Section 4.04 Expiration or Termination. If this Agreement expires or is terminated, the Adviser shall be entitled to receive all amounts (including any accrued but unreimbursed expenses) payable to it and not yet paid pursuant to this Article IV.
ARTICLE V. COVENANTS; NON-EXCLUSIVITY; AND DUALITY
Section 5.01 Covenants of the Adviser. The Adviser covenants that it is registered as an investment adviser under the Advisers Act. The Adviser agrees that its activities will at all times be in compliance in all material respects with all applicable federal and state laws governing its operations and investments.
Section 5.02 Non-Exclusivity. The services of the Adviser to the Company under this Agreement are not to be deemed exclusive as to the Adviser, and the Adviser will be free to render similar services to other investment companies and other clients. Except to the extent necessary to perform the Adviser’s obligations under this Agreement, nothing herein shall be deemed to limit or restrict the right of the Adviser, or any affiliate of the Adviser, or any employee of the Adviser, to engage in any other business or to devote time and attention to the management or other aspects of any other business, whether of a similar or dissimilar nature, or to render services of any kind to any other corporation, firm, individual or association. So long as this Agreement or any extension, renewal or amendment remains in effect, the Adviser shall be the only investment adviser for the Company, subject to the Adviser’s right to enter into sub-advisory agreements. the Adviser assumes no responsibility under this Agreement other than to render the services called for hereunder. It is understood that directors, officers, employees and shareholders of the Company are or may become interested in the Adviser and its affiliates, as directors, officers, employees, partners, shareholders, members, managers or otherwise, and that the Adviser and directors, officers, employees, partners, shareholders, members and managers of the Adviser and its affiliates are or may become similarly interested in the Company as directors, officers, employees, shareholders or otherwise.
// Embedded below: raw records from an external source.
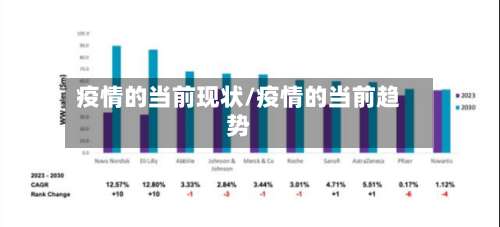 疫情的当前现状/疫情的当前趋势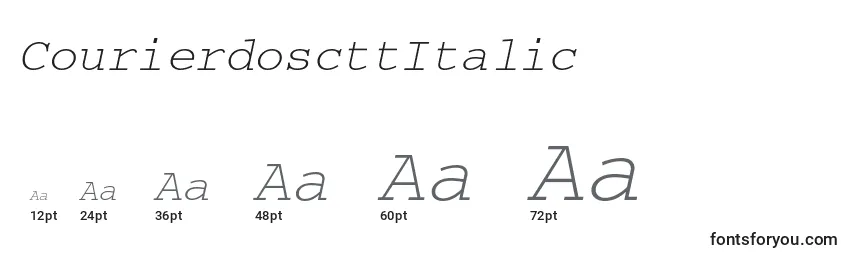 CourierdoscttItalic Font Sizes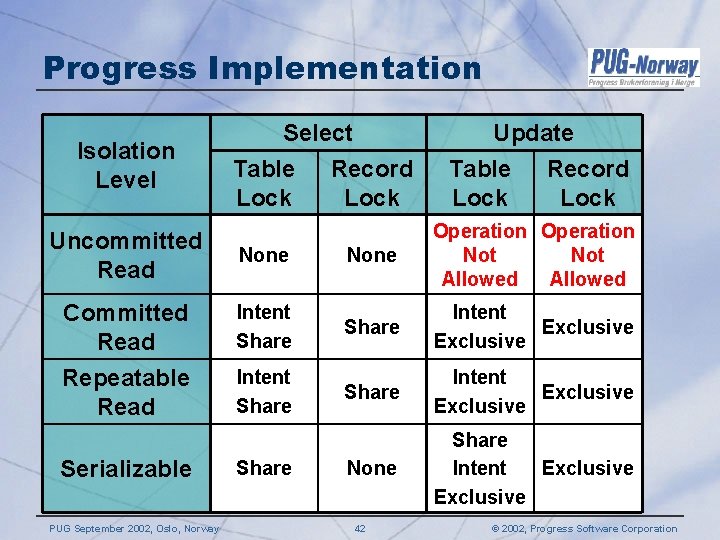 Progress Implementation Isolation Level Select Table Record Lock None Operation Not Allowed Intent Share Progress Implementation Isolation Level Select Table Record Lock None Operation Not Allowed Intent Share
Section 5.03 Dual Directors, Officers and/or Employees. If any person who is a manager, officer or employee of the Adviser is or becomes a director, officer and/or employee of the Company and acts as such in any business of the Company, then such manager, officer and/or employee of the Adviser shall be deemed to be acting in such capacity solely for the Company, and not as a manager, officer or employee of the Adviser or under the control or direction of the Adviser, although paid by the Adviser.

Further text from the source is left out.